«La manifattura 4.0 dev’essere semplice»

La Prealpina - 10/05/2017

Il Piano Nazionale per l’Industria 4.0 riserva agli atenei un ruolo strategico e la Liuc- Università Cattaneo prova a fare la sua parte. Con una nuova proposta formativa e partendo da una certezza: la quarta rivoluzione industriale deve innestarsi su processi produttivi semplici, stabili, che minimizzano gli sprechi. In altre parole sulla “lean production”, la produzione snella. Il tema è stato trattato ieri nel convegno annuale organizzato dal Lean club dell’università. Luciano Massone, a capo del World Class Manufacturing Fca, e Franco De Regibus, architetto specializzato in sistemi di automazione in ambito automobilistico, lo hanno approfondito davanti a 250 tra manager, proprietari d’azienda e studenti. «Il dibattito sull’Industria 4.0 – ha affermato il rettore Federico Visconti – va guidato, ha bisogno di una presa di misura. Quali, tra le nuove tecnologie, serviranno alla mia azienda? Gli imprenditori ce lo chiedono».

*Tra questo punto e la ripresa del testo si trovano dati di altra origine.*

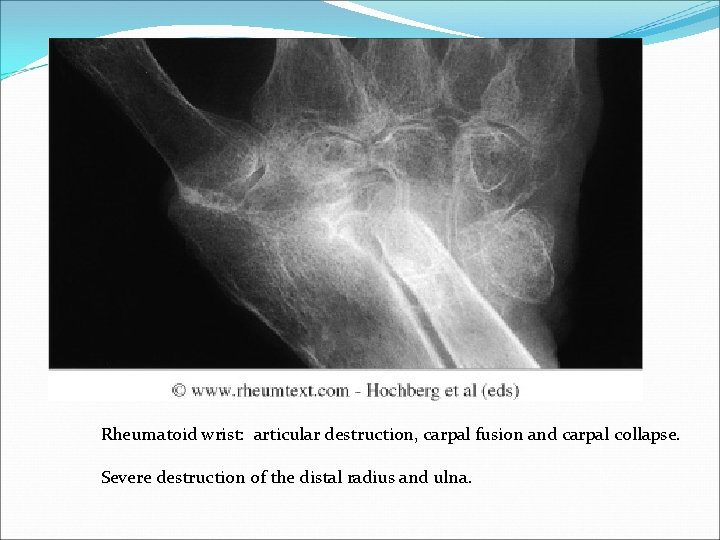 Rheumatoid wrist: articular destruction, carpal fusion and carpal collapse. Severe destruction of the distal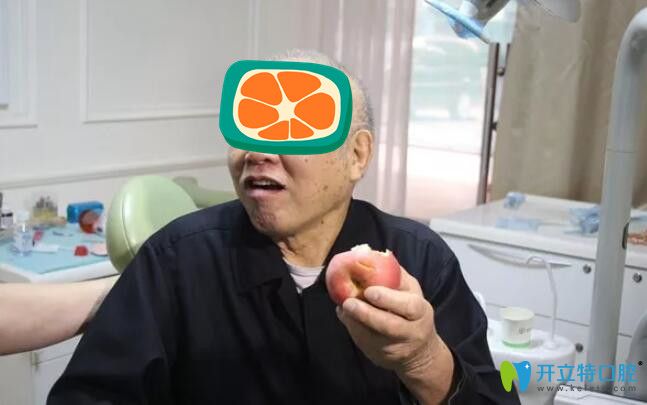 薛啟明半口種植牙術(shù)后效果圖 薛啟明半口種植牙術(shù)后效果圖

Massone ha sottolineato come nell’evoluzione di Fiat Chrysler Automobiles ci siano due elementi a suo avviso poco considerati nel dibattito italiano: «Leadership e costi. L’unità di misura del World Class Manufacturing è l’euro. Occorre chiedersi: che beneficio porta una certa novità?» Prima di illustrare i cambiamenti organizzativi, tecnologici e di comunicazione interna di Fca, il monito sul trapianto di modelli esteri: «Quello tedesco si riferisce a Pmi diverse da quelle italiane, che in Germania sarebbero considerate micro imprese. Qui quel sistema farebbe morire le nostre aziende». Sul collegamento tra Lean production e Industry 4.0 si è espresso De Regibus: «Bisogna evitare di automatizzare gli sprechi. La Manifattura 4.0 è un volano per incrementare i vantaggi della produzione snella».

Dichiarazioni in sintonia con quelle di Tommaso Rossi, direttore del Lean Club, che ha riepilogato le performance delle aziende iscritte: «Fra i nostri compiti c’è quello di valutarne i risultati. Hanno ottenuto una valutazione media di 6,59 su 10. Fa la differenza soprattutto l’effort: anno in cui si è incominciato il processo, numero di persone coinvolte, quantità di ore di formazione». Su quest’ultima si è soffermato

Raffaele Secchi, a capo della Liuc business school: «Il nostro Executive Program Industry 4.0, in partenza a ottobre, è rivolto ai responsabili di settori che vanno dalla progettazione alla logistica. Avrà un approccio esperienziale, con la possibilità di sperimentare quanto appreso nel nostro I-Fab. Questo dovrebbe garantire alle aziende un ritorno rapido dell’investimento in formazione».